▶ EXERCISE
Pictures stay out; everything else in the listing below is to be restated word for word.

▶ THE DATA
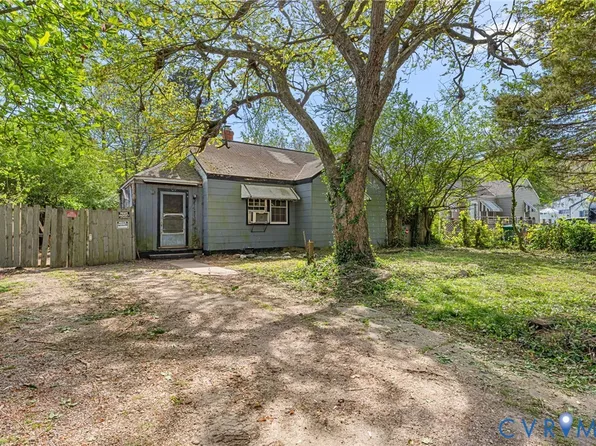 117 Defense Ave, Sandston, VA 23150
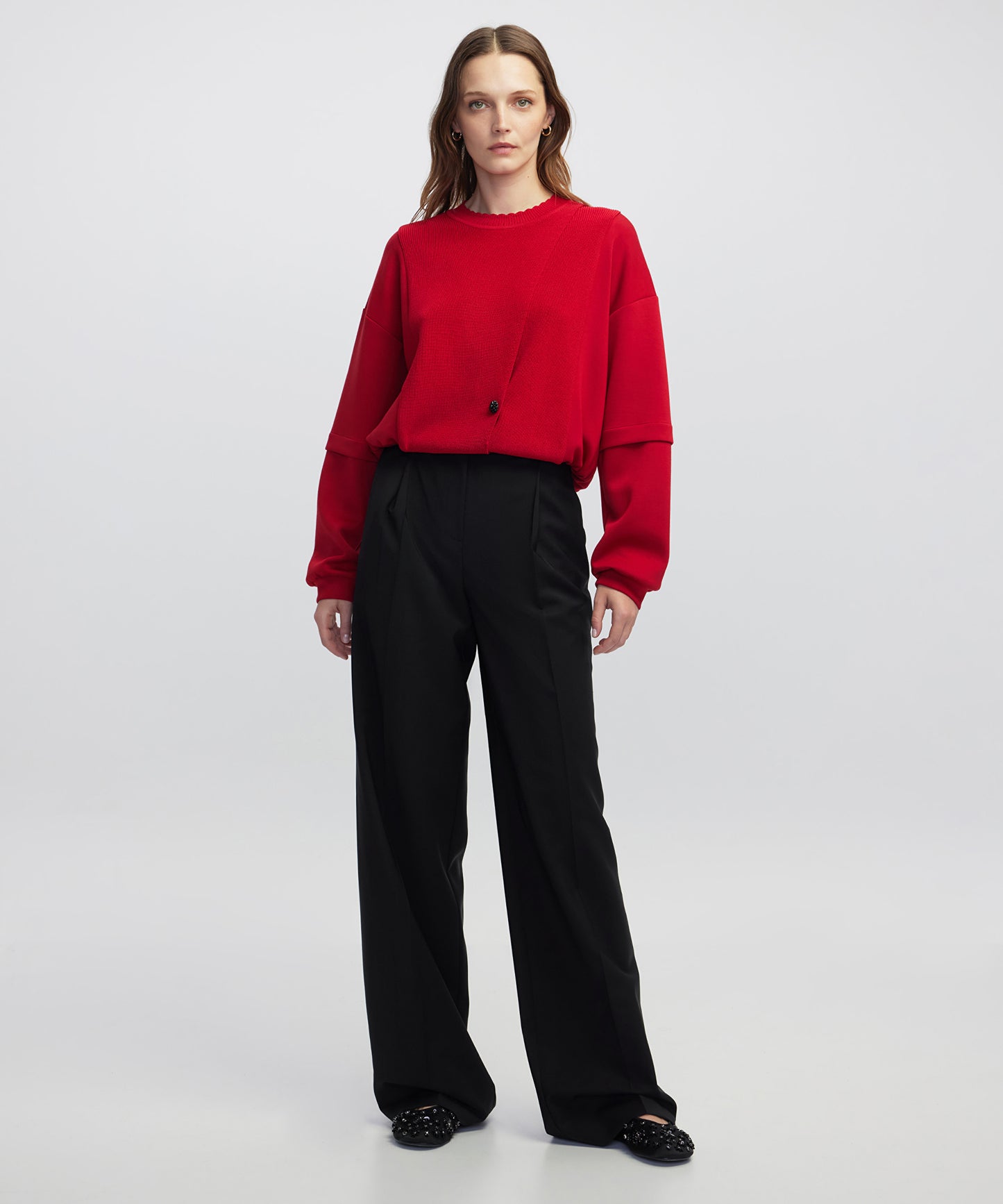 Düğme Aksesuarlı Sweatshirt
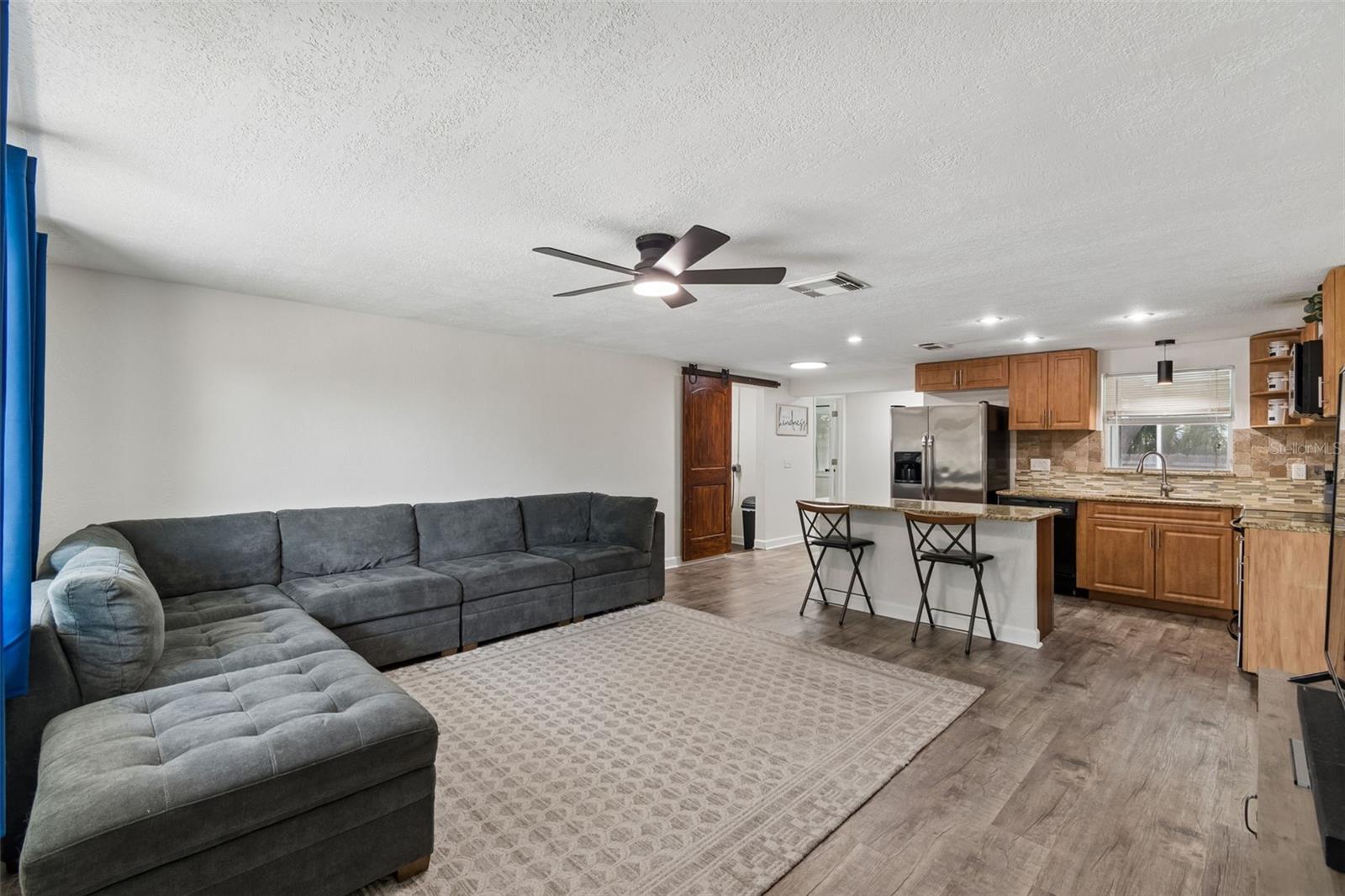 Image 5 of 23 For 5553 Violet Drive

▶ EXPECTED ANSWER
 117 Defense Ave, Sandston, VA 23150
 Düğme Aksesuarlı Sweatshirt
 Image 5 of 23 For 5553 Violet Drive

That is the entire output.